36     Appendix B of AS 2810 discusses the qualitative factors related to the evaluation of the materiality of uncorrected misstatements.

37    See AS 2810.10, which requires the auditor to accumulate misstatements identified during the audit, other than those that are clearly trivial.

38    See also Section 10A(k) of the Exchange Act, 15 U.S.C. § 78j-1(k) and Rule 2-07(a)(3) of Regulation S-X, 17 C.F.R. § 210.2-07 (a)(3).

39     See paragraphs .22-.32 of AS 3101, Reports on Audited Financial Statements, for a discussion of scope limitations.

40    AS 2401.79-.81 and AS 2405.17 include specific communication requirements relating to fraud or illegal acts, respectively.

[41]    [Footnote deleted.]

42     Consistent with the requirements of AS 1215, Audit Documentation, the audit documentation should be in sufficient detail to enable an experienced auditor, having no previous connection with the engagement, to understand the communications made to comply with the provisions of this standard.

43     Consistent with Rule 2-07 of Regulation S-X, 17 C.F.R. § 210.2-07, in the case of a registered investment company, audit committee communication should occur annually, and if the annual communication is not within 90 days prior to the filing of the auditor's report, the auditor should provide an update in the 90-day period prior to the filing of the auditor's report, of any changes to the previously reported information.

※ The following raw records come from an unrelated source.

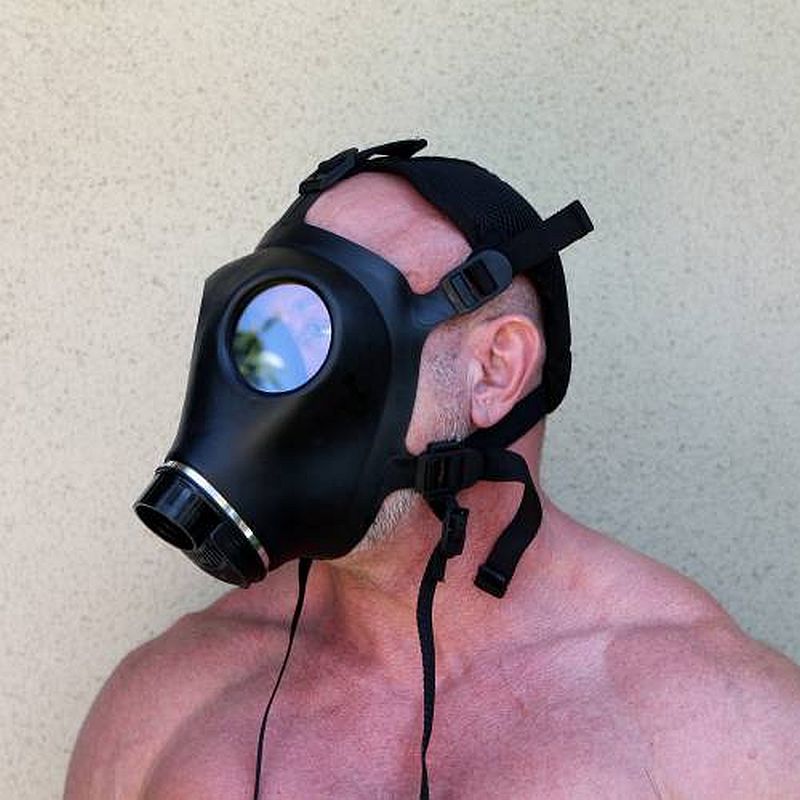 Adjustable Rubber Gas Mask-SF-21427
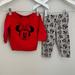 Disney Matching Sets | Disney Minnie Mouse Sweatshirt & Leggings Set Sz: 12m | Color: Gray/Red | Size: 12mb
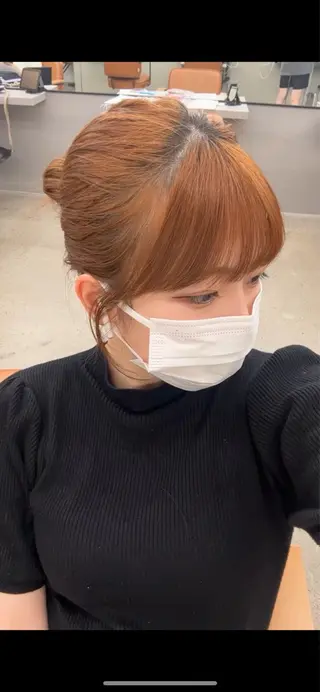 カラー ブリーチなしカラー/ パーマ/おとは🦖♡のヘアスタイル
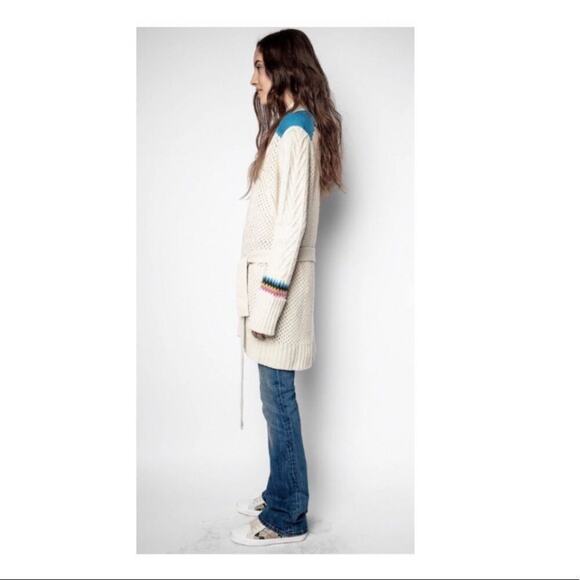 Zadig & Voltaire Joy Multi Stich Long Cardigan. - Picture 3 of 14
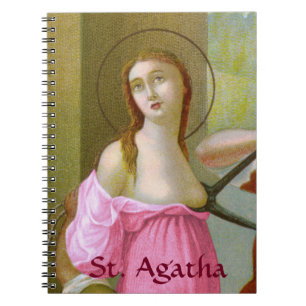 Rosa St. Agatha (M 003) Notizblock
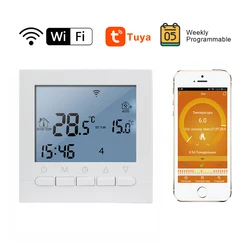 WIFI Thermostat Warm Floor Electric Water Heating Gas Boiler Thermostat Temperature Controller Underfloor Heating Regulator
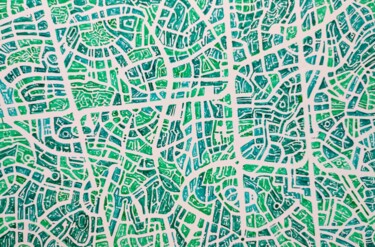 Drawing titled "Megafamilypark" by Milto Sideris, Original Artwork, Marker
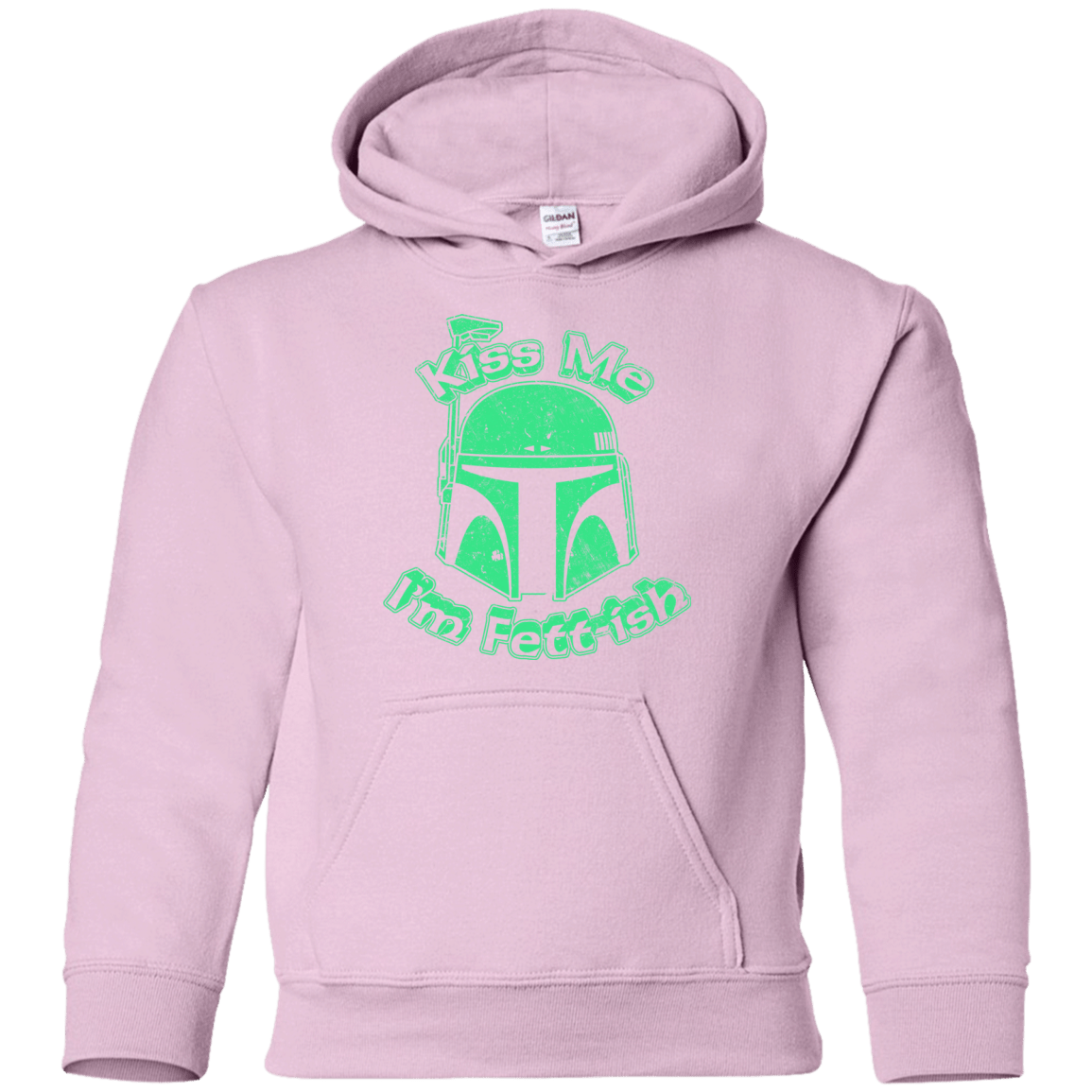 Sweatshirts Light Pink / YS Kiss Me Im Fettish Youth Hoodie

 Footnotes (Appendix C - Matters Included in the Audit Engagement Letter):

1 Certain matters should not be included in an engagement letter; for example, under Securities and Exchange Commission, Section 602.02.f.i. of the Codification of Financial Reporting Policies, indemnification provisions are not permissible for audits of issuers.

2 AS 1305, Communications About Control Deficiencies in an Audit of Financial Statements, provides direction on control deficiencies identified in an audit of financial statements.

3 Paragraphs .08-.09 of AS 4105, Reviews of Interim Financial Information, discuss the auditor's responsibilities related to establishing an understanding with the audit committee in connection with a review of the company's interim financial information.